* EXERCISE OBJECTIVE: Print all of the data exactly, but drop the pictures.

* SUPPLIED MATERIAL:
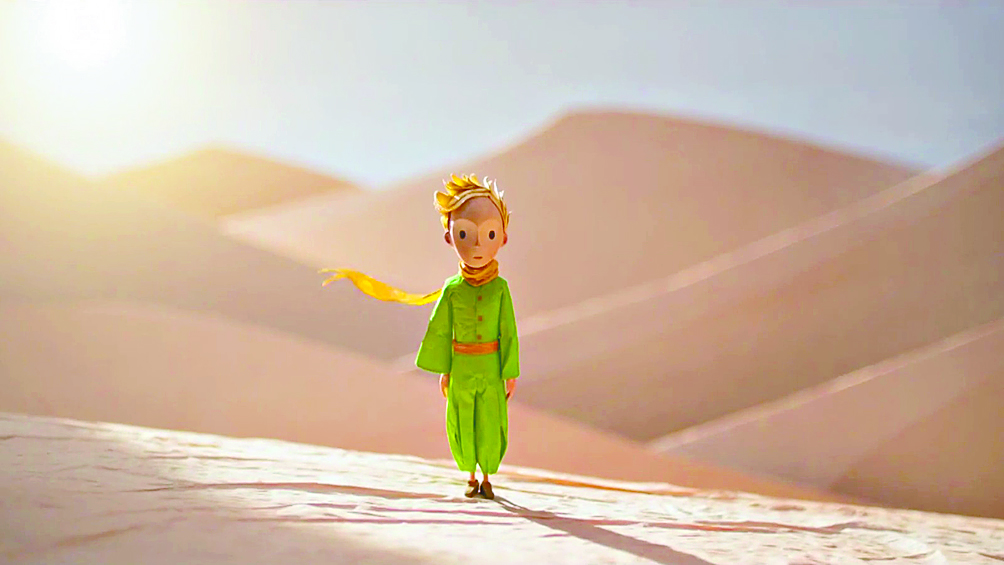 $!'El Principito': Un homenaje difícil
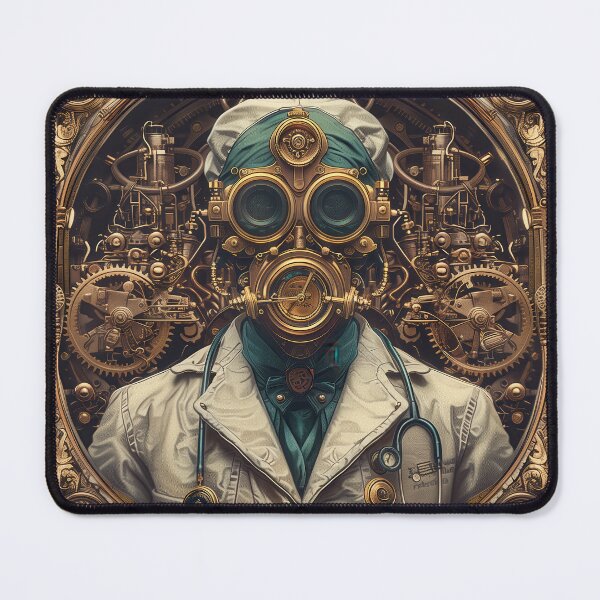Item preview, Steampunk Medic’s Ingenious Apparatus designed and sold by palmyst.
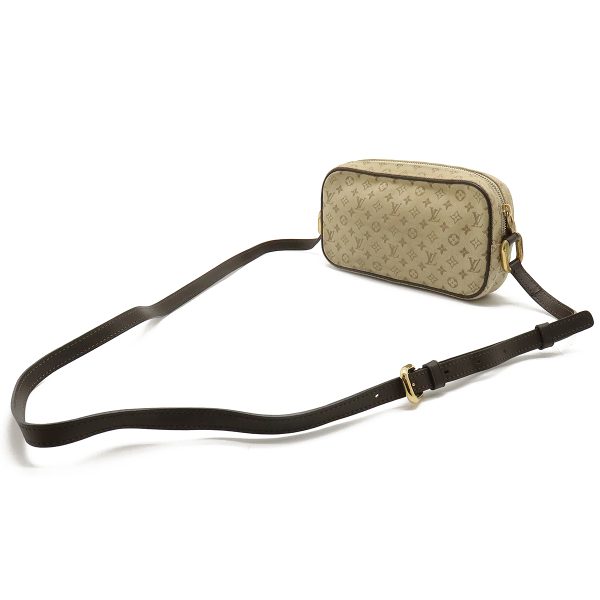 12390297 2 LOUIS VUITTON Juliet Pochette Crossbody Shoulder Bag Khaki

* WRITTEN SOLUTION:
 $!'El Principito': Un homenaje difícil
Item preview, Steampunk Medic’s Ingenious Apparatus designed and sold by palmyst.
 12390297 2 LOUIS VUITTON Juliet Pochette Crossbody Shoulder Bag Khaki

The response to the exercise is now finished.